Tom Lieberum comments on Hypothesis: gradient descent prefers general circuits

Tom Lieberum 11 Feb 2022 10:50 UTC
3 points
AF
I updated the report with the training curves. Under default settings, 100% training accuracy is reached after 500 steps.

There is actually an overlap between the train/val curves going up. Might be an artifact of the simplicity of the task or that I didn’t properly split the dataset (e.g. x+y being in train and y+x being in val). I might run it again for a harder task to verify.

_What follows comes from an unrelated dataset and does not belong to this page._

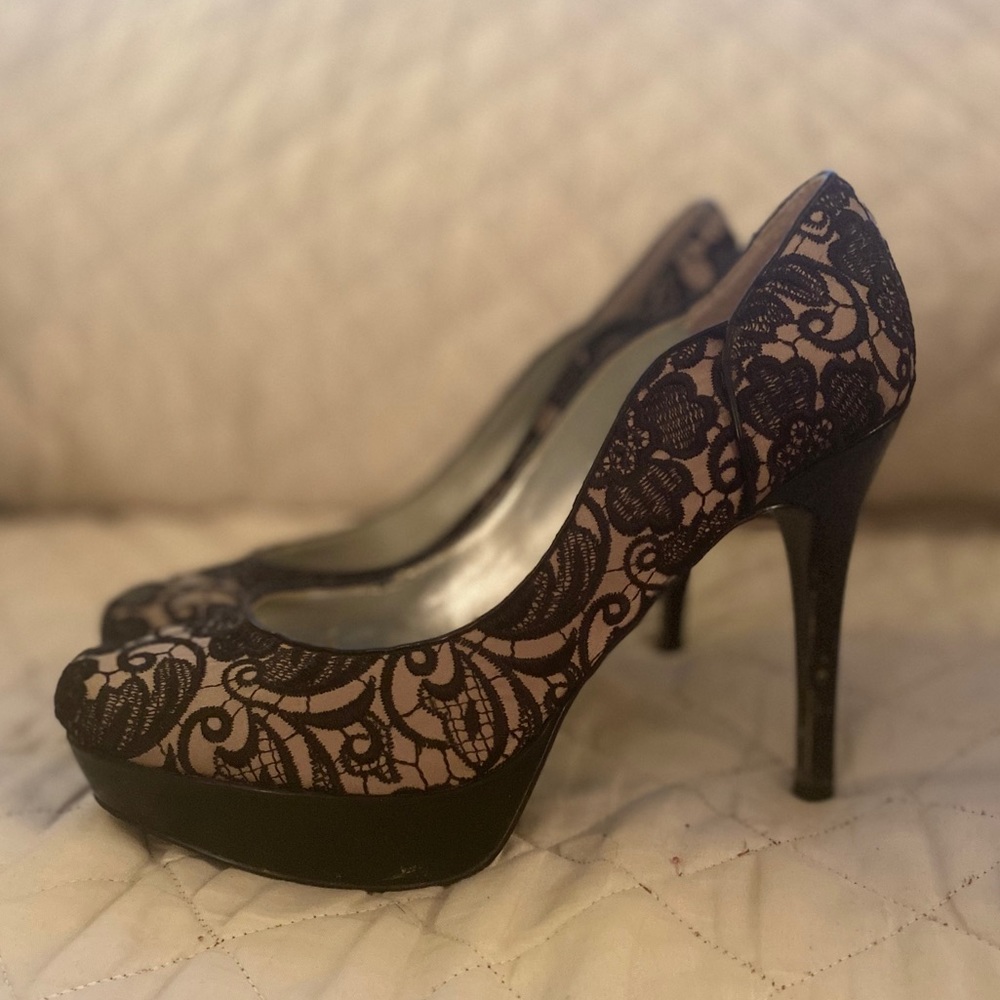 Pumps - Picture 2 of 5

- Rohin Shah 11 Feb 2022 11:27 UTC
  LW: 3 AF: 3
  AF Parent
  Huh, intriguing. Yeah, it might be worth running with a non-commutative function and seeing if it holds up—it seems like in the default setting the validation accuracy hits almost 0.5 once the training accuracy is 1, which is about what you’d get if you understood commutativity but nothing else about the function. So the “grokking” part is probably happening after that, i.e. at roughly the 1.5k steps location in the default setting.
  - Tom Lieberum 11 Feb 2022 12:21 UTC
    LW: 3 AF: 3
    AF Parent
    So I ran some experiments for the permutation group S_5 with the task x o y = ?
    
    Interestingly here increasing the learning rate just never works. I’m very confused.

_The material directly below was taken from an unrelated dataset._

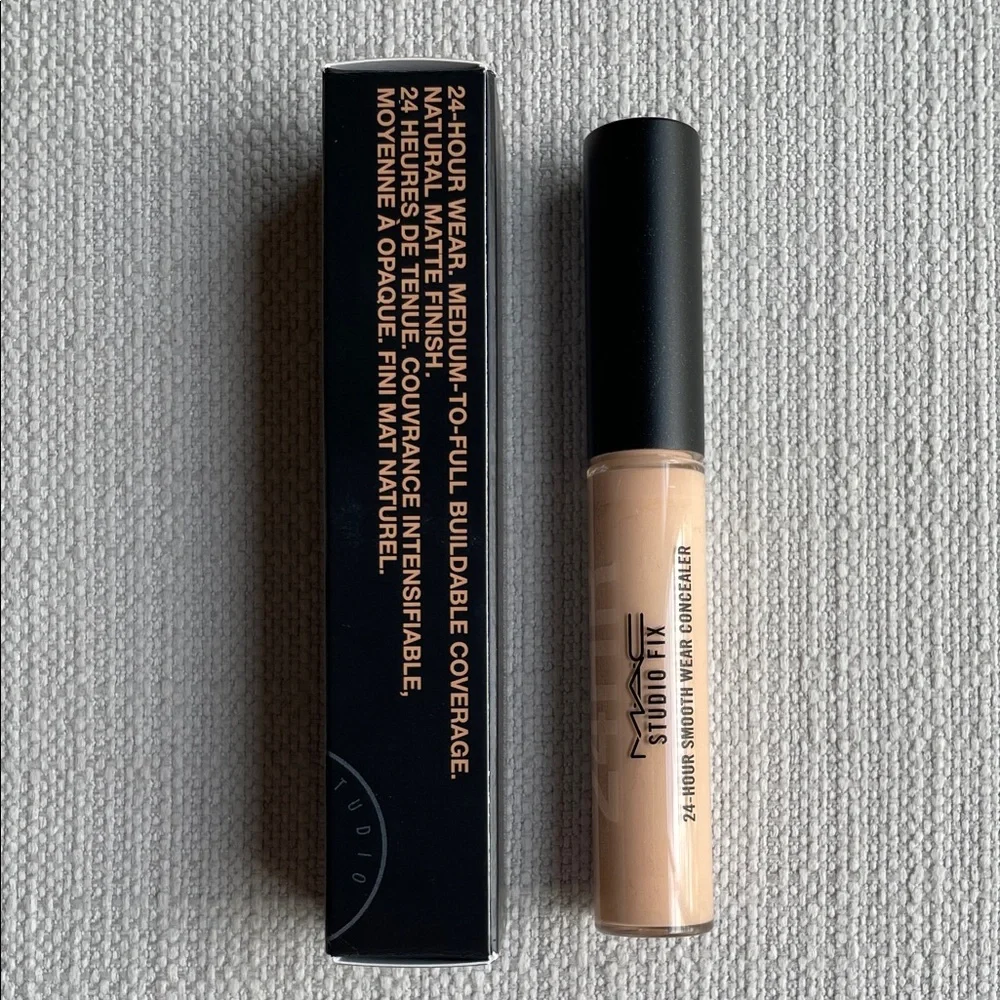 MAC Cosmetics Studio Fix 24-Hour Smooth Wear Concealer, 0.24oz - shade NW20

    - Rohin Shah 11 Feb 2022 13:16 UTC
      LW: 3 AF: 3
      AF Parent
      Also interestingly, in the default setting for these new experiments, grokking happens in ~1000 steps while memorization happens in ~1500 steps, so the grokking is already faster than the memorization, in stark contrast to the graphs in the original post.
      (This does depend on when you start the counter for grokking, as there’s a long period of slowly increasing validation accuracy. You could reasonably say grokking took ~2500 steps.)

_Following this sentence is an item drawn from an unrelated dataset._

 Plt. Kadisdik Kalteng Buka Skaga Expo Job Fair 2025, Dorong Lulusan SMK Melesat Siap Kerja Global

      - Tom Lieberum 11 Feb 2022 13:45 UTC
        LW: 3 AF: 2
        AF Parent
        Oh I thought figure 1 was S5 but it actually is modular division. I’ll give that a go..
        
        Here are results for modular division. Not super sure what to make of them. Small increases in learning rate work, but so does just choosing a larger learning rate from the beginning. In fact, increasing lr to 5x from the beginning works super well but switching to 5x once grokking arguably starts just destroys any progress. 10x lr from the start does not work (nor when switching later)
        
        So maybe the initial observation is more a general/global property of the loss landscape for the task and not of the particular region during grokking?
        Rohin Shah 12 Feb 2022 9:40 UTC
        LW: 3 AF: 1
        AF Parent
        Yeah, that seems right, I think I’m basically at “no, you can’t just 10x the learning rate once grokking starts”.
        gwern 12 Feb 2022 1:09 UTC
        3 points
        Parent
        Increasing regularization (weight decay in this instance) might rescue the ones which don’t work.
        Tom Lieberum 12 Feb 2022 10:57 UTC
        1 point
        Parent
        I tried increasing weight decay and increased batch sizes but so far no real success compared to 5x lr. Not going to investigate this further atm.